El 14 de julio es la fiesta
nacional francesa. Fue el día, allá por 1789, en que el pueblo de París inició
su protagonismo activo en el proceso revolucionario que un mes antes se había
iniciado por las élites políticas que habían roto con el antiguo régimen. Fue una
revolución trascendente. Ha dado para escribir miles y miles de libros, así
como diversas interpretaciones históricas.
Cuando tuvo lugar el
segundo centenario se abrió en Francia un nuevo debate, donde pareció que se
impuso la tendencia liderada por François Furet, quien llegó a proclamar “La Revolución Francesa
ha terminado”. Desde esta visión se demonizó la vertiente popular de la
revolución, a la que achacaron los excesos habidos (el terror) y señalaron como
origen de los regímenes autoritarios y/totalitarios del siglo XX. Se ensalzaba,
así, a quienes dirigieron los primeros momentos de la revolución, que, desde esa
perspectiva, representaron la tendencia liberal y, por ende, democrática que se
fue desarrollando a lo largo de los siglos XIX y XX.

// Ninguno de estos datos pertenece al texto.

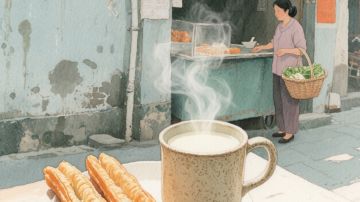 【拾光回忆】豆浆油条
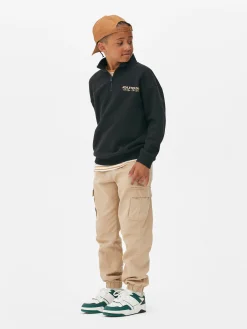 Graphic Funnel Neck Sweatshirt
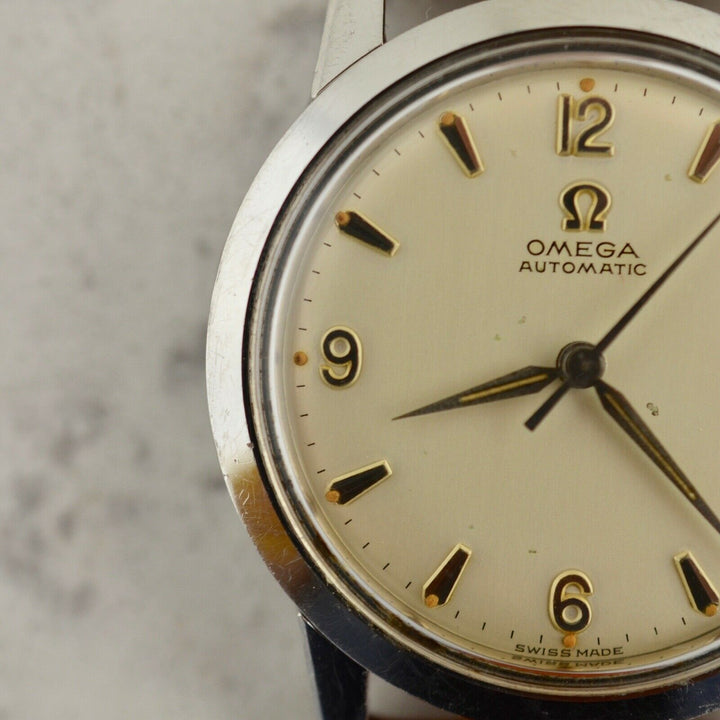 C1958 ヴィンテージ オメガ シーマスター 自動式 腕時計 Cal.Ω 470 型番14773-61 SC スチール製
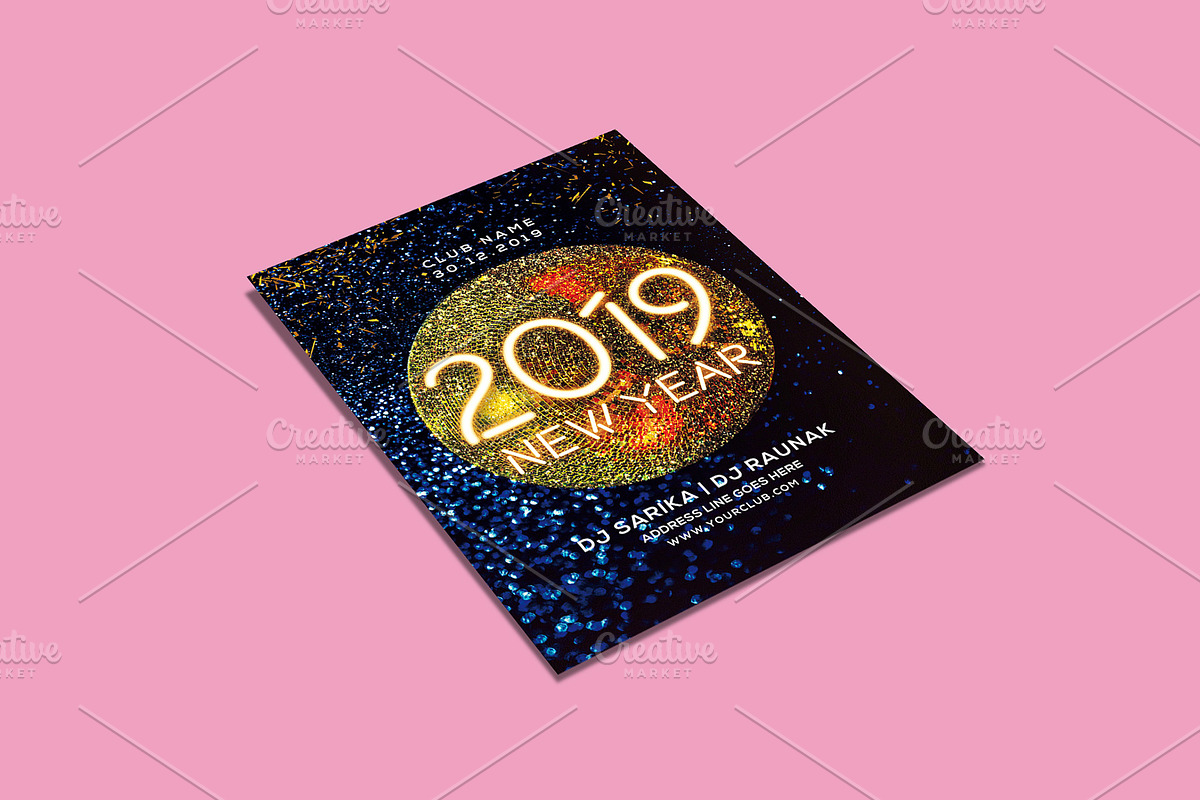 New Year Party Flyer, a Flyer Template by Flyer Arts (Photo 4 of 5)
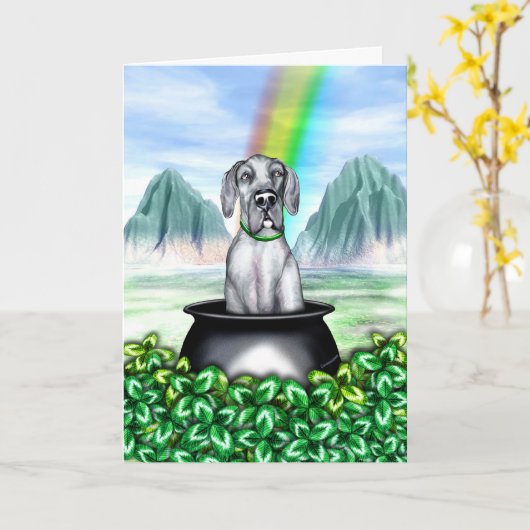 Carte Grand Dane Blue UC Pot O Gold (Fleur jaune)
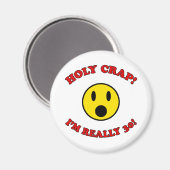 30. Geburtstagsgeschenke Magnet (Vorderseite/Rückseite)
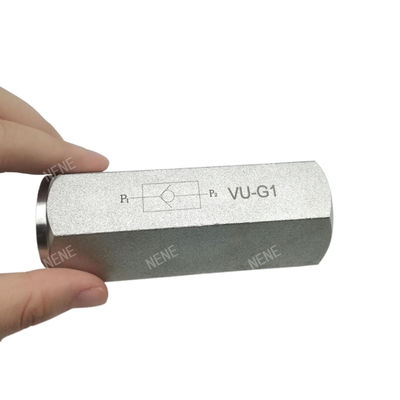VU-G1 VU-G11/4 VU-G11/2 VU-G2 液圧直管 一方向バルブ チェックバルブ
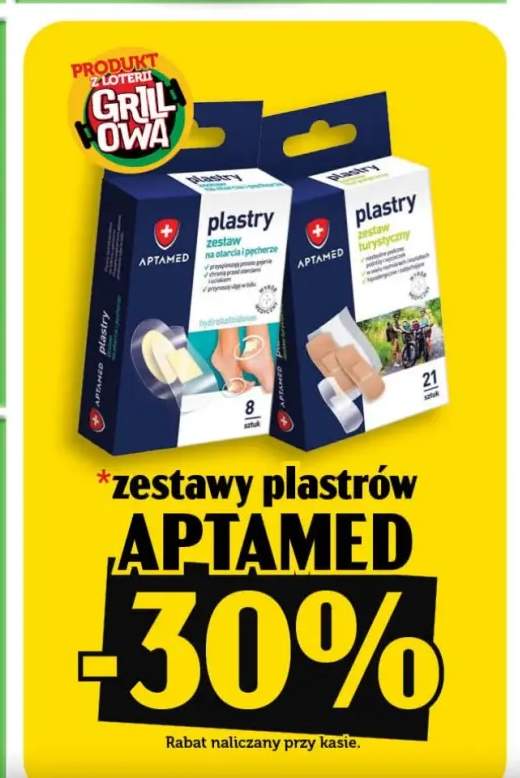 Zestaw plastrów na otarcia i pęcherze Aptamed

Furet llevaba tiempo intentando
abrir ese camino interpretativo, en especial cuando en 1978 publicó Pensar la revolución francesa. Frente a él
se había levantado una historiografía de enorme envergadura intelectual, muy
bien documentada, que se había desarrollado al abrigo del marxismo y que
entroncaba con una tradición historiográfica que hundía sus raíces en el siglo
XIX y que resaltaba ante todo el carácter social de la revolución y con ello,
de sus protagonistas. Georges Lefebvre, primero, y Albert Soboul, después,
fueron sus principales exponentes. Este último no tuvo reparos en resaltar uno
de los principales defectos de los libros de Furet, que era su escasa apoyatura
documental. También supo denunciar las “tentativas revisionistas” que previamente
a Furet se habían hecho a través de Cobban, Palmer, Godechot, etc., en cuyas obras
no faltaba la interrelación entre su contenido y la coyuntura política en que
se escribieron.
Lo que aquí voy a
desarrollar tiene como base un capítulo del texto que utilizo en mis clases de
1º de Bachillerato en la asignatura Mundo Contemporáneo, aunque con algunas
modificaciones y añadidos. Tiene, en todo caso, una enorme deuda con las obras
de Lefebvre y Soboul, aunque también la tiene con otras personas que han
trabajado en el conocimiento de un episodio histórico tan primordial. Al fin y
al cabo estoy con la manera de hacer historia desde la objetividad, lo que
obliga al rigor, pero consciente de que la neutralidad no existe.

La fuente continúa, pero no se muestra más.